● **Instructions to follow**
Leaving out the images, repeat all the lines below exactly.

● **Source data**
Segment Open
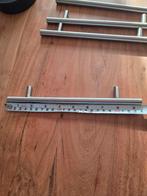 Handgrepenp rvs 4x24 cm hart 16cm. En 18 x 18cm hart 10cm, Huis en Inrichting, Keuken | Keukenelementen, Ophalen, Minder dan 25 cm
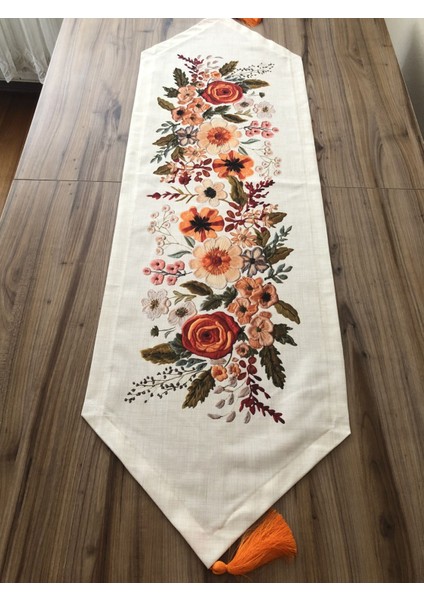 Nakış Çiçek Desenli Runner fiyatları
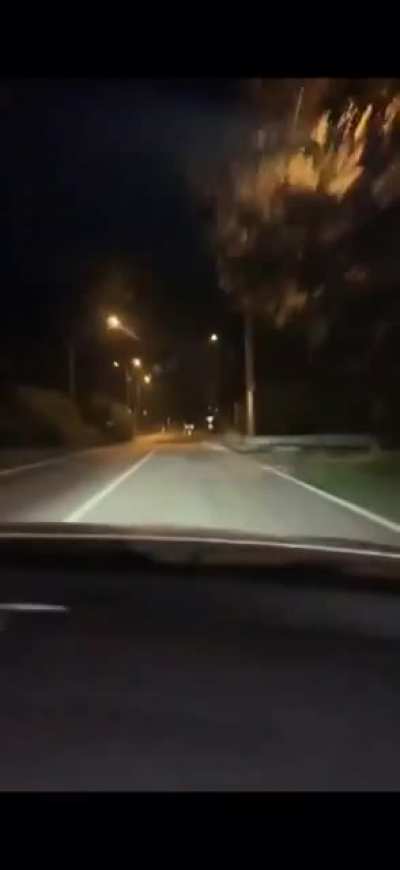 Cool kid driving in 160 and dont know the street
Segment Closed
● **Task output**
 Handgrepenp rvs 4x24 cm hart 16cm. En 18 x 18cm hart 10cm, Huis en Inrichting, Keuken | Keukenelementen, Ophalen, Minder dan 25 cm
 Nakış Çiçek Desenli Runner fiyatları
 Cool kid driving in 160 and dont know the street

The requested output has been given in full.